Case in point: Today one of my Facebook friends posted this recruiting announcement. I was all excited until I saw it was for volunteers. Do you really want non-professionals handling specimens? The time and expense to properly train them really outweighs hiring a professional? You can’t contract for this kind of work?
Those institutions that do offer paying opportunities sometimes have unrealistic expectations, desiring PhD- or Masters-level candidates when a Bachelor’s degree, or even experience in lieu of a degree, would be more than enough to execute the requirements of the position. Increasingly, work in collections management in particular has become grant-dependent, for a limited amount of time, and still heavily reliant on volunteers being managed by the person hired for the project. This only serves to set up a destructive cycle of neglect of collections followed by salvaging of specimens years later, followed by another period of neglect and so on.
I freely admit that I take all of this as a personal insult to my previous professional experience and current abilities to work in a museum setting and advance the goals of whatever department I’m working in. I don’t think I am necessarily “better” than any other person in this field, but I certainly have better qualifications than a volunteer or docent off the street. Museums deserve better than that as well. I don’t need to make a fortune, either, but I need to be able to pay the rent, afford health care if I need it, pay for my own continuing education, and save for increasingly frequent stretches of unemployment when I don’t have any income.

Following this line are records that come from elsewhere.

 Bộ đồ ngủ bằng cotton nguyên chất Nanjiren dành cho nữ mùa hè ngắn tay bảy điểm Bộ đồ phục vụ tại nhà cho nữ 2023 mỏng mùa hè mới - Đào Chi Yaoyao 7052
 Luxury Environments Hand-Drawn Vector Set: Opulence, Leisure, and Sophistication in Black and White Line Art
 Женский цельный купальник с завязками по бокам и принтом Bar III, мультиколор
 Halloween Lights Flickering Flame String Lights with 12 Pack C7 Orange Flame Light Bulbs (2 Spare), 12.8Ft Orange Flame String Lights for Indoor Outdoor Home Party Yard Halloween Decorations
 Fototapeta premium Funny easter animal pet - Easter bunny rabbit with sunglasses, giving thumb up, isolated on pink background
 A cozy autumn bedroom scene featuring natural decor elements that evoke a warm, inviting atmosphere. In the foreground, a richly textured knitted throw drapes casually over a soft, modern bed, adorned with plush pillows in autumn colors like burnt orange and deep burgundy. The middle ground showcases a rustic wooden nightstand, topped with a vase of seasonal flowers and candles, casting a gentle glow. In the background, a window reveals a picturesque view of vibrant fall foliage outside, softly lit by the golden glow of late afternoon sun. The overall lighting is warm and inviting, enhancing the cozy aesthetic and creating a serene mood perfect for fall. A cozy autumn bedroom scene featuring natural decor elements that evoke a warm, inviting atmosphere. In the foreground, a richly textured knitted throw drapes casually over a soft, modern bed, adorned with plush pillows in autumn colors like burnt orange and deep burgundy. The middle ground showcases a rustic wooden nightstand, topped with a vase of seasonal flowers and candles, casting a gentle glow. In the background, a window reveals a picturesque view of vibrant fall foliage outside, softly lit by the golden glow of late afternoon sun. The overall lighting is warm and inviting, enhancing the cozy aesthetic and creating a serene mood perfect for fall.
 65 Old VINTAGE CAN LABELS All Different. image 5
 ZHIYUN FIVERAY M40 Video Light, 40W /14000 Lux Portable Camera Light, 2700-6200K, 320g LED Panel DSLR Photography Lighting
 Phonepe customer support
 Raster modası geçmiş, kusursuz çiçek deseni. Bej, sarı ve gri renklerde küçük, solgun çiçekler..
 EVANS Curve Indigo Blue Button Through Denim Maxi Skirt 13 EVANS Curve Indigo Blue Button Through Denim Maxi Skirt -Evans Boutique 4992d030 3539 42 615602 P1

That leads to another point I believe is not being considered: The failure of investments that retirees were counting on for income has left them looking for paying work as well. The volunteer pool will be steadily shrinking in coming decades. Better to address this now, and reward good work with a paycheck instead of just a pat on the back or a plaque.
The continuing devaluation of professional personnel in the natural sciences, from museum collections to field work and public education must cease. We owe it to current generations, as well as future generations, to deliver the high quality services that only experienced professionals can provide. Could it be that the trend toward “anti-scientifism” is one result of such a heavy reliance on non-scientists to do scientific work and deliver science education? I’m just sayin’.